BHP is currently in contract with B&W PGG for supply of a dry sorbent injection (DSI) system to provide hydrated lime injection during unit startup and allow for SO2 emission compliance during startup of Wygen 3-Unit #5. This system will be operational by the 4th quarter 2012/1st quarter 2013.

Tests were also conducted at the  Unipetrol RPA power plant in Litvinov, Czech Republic, which consists of eight boilers connected to two type ACP-8000 SDAs, each 15 meter in diameter and equipped with GEA Niro F800 rotary atomizers. Flue gas is then directed to pulse jet fabric filters.

Tests were conducted by Unipetrol to investigate the possibility of handling coal with higher sulfur content than currently used and to operate at lower SO2 emissions, considering future stricter SO2 emission limits. The possibility of lowering the operating cost by use of a combination of lime slurry to the rotary atomizer and dry lime injection into the absorber was also investigated.

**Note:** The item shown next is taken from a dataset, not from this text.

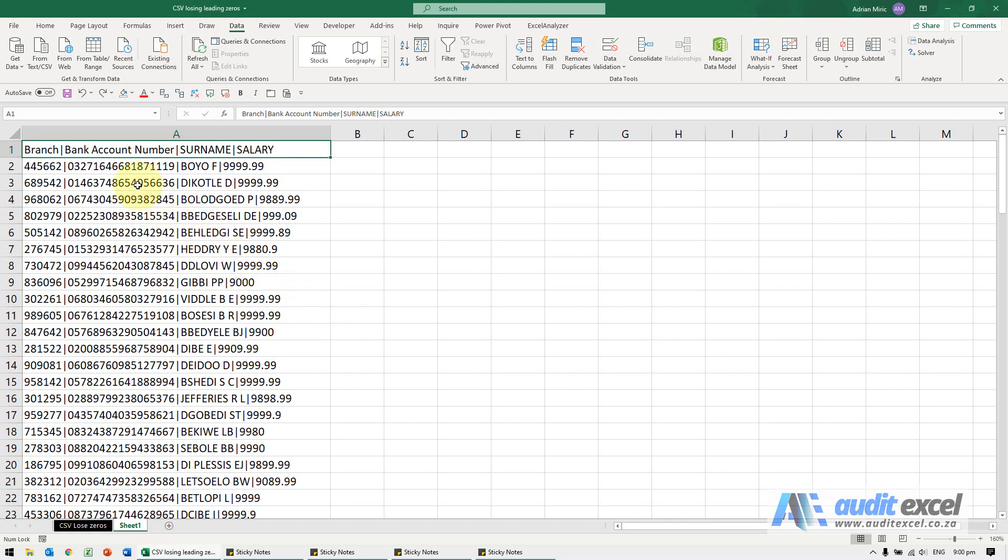When converting data like this so that it goes into its own columns, you can be a little bit careful about things like the bank account number. For one, you don't want to lose these leading zeros, and for another, notice that the first one's got a 9 and we're going to see a problem with that later with very large numbers.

The dry hydrated lime for the entire test period was a locally-produced, high-surface area lime with >95 percent purity and BET surface area of 40 to 45 m2/g, supplied by Lhoist. The testing at Unipetrol, Czech Republic, confirmed that the GEA Niro Peak Control system developed originally for SDAs at waste incinerators works equally well at an SDA at a coal-fired power plant. It was possible to operate an SDA system with high SO2 removal efficiency at high inlet SO2 load with reagent injected only in the dry form and with the rotary atomizer at the plant operated with recycle slurry only. The SO2 removal efficiency obtained at the test was approximately 94 percent, and even higher efficiencies are considered possible, reported Bryan J. Jankura and Kevin E. Redinger of Babcock & Wilcox Power Generation Group, Inc., Carly Miller of BHP Inc., Niels Jacobsen and Niels G. Hansen of GEA Process Engineering A/S, and Luděk Sklenář of UNIPETROL RPA, s.r.o. at the 2012 Mega Conference.